Citizenship
Our whole school Citizenship 22/23 project has the common thread of what it is to be a citizen in our school and in the wider world. The Grange Way is integral to this project as is individual identity and place in the world. Through all national curriculum subjects and the Early Years Framework, each year group will explore different aspects:
What is it to be an active citizen?
Controversial Issues in Citizenship - engaging children in discussing and exploring topical and controversial issues so that they might think critically, make informed decisions, judge bias, recognise and respect different perspectives and begin to formulate, articulate and defend their developing views and values.
Children's Rights - Looking into and learning about Rights and Responsibilities and finding out about the United Nations Convention on the Rights of the Child and how children’s learning about their rights is integral to citizenship education within a whole school context.
Weekly assemblies support the project and pose questions to explore and answer in circle times and through PSHE, RE, RSE and SMSC lessons and wider experiences.
Foundation Stage: Me and My Community - This project supports children with settling into the new rules and routines of school and encourages them to make new friends and feel confident in their class. It teaches children about being helpful, kind and thoughtful at home and at school. This project also teaches children how they are unique and special, the importance of friendship and how people in their family, school and local community are important and can help them.
Year 1 / 2: Childhood -This project teaches children about everyday life and families today, including comparisons with childhood in the 1950s, using artefacts and a range of different sources.

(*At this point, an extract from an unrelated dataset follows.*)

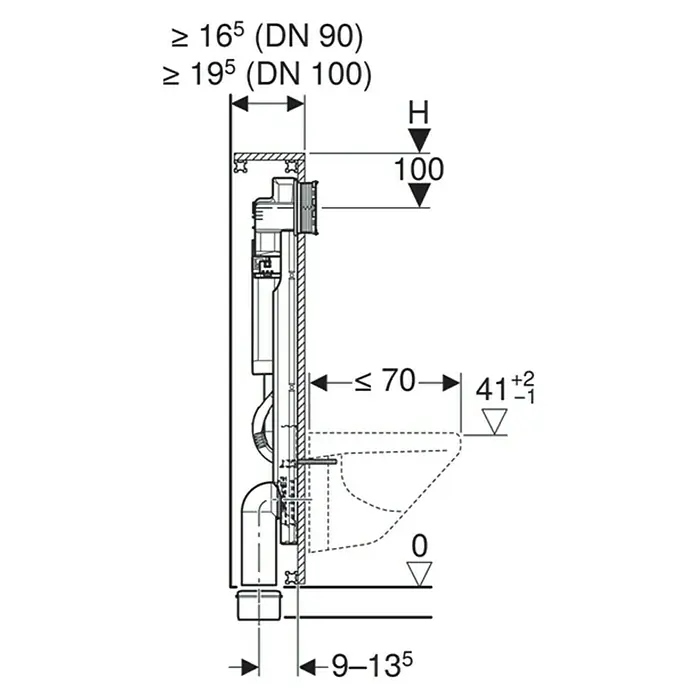 Geberit Gis WC-Vorwandelement Sigma - 2-Mengen-Spülung, 16,5 x 42,4 x 114 cm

Year 3 / 4: Srumdiddyumptious - Tuck in and enjoy a yummy journey of discovery, tasting fantastic fruits, venerable vegetables and tantalizing treats. Work up an appetite with delicious stories about food, have fun with a vegetable orchestra or become a fruity sculptor. Find exciting recipes to read – and write your own, too. Then get busy in the kitchen, making tasty dishes from across the world and discover how good food helps you grow fit and strong. Be a whizz and create your own scrumdiddlyumptious smoothie for Squeezy Joe and his team of fruity friends. And here’s food for thought – if you are what you eat, what does that make you?
Years 5 / 6: Time traveller - Tick, tock, tick, tock. The hands on the clock never stop. From the moment we are born, from toddler to teen, middle age to elderly, time stops for no man. Find out what happens to our bodies and brains as we grow older, and how we cope with these changes. How long does a human baby take to grow inside the womb? Does it take longer than an elephant calf? Or a kitten? Take a good look at yourself. How has your face changed since you were a baby and how will it change as you grow older? Can you photograph it, change it, age it? And what would happen if the clock struck 13? In Tom’s Midnight Garden, he travels to the past. Imagine that you could time travel too. When would you like to travel to and what would you like to see? Will you head back to your past or into your future? You decide.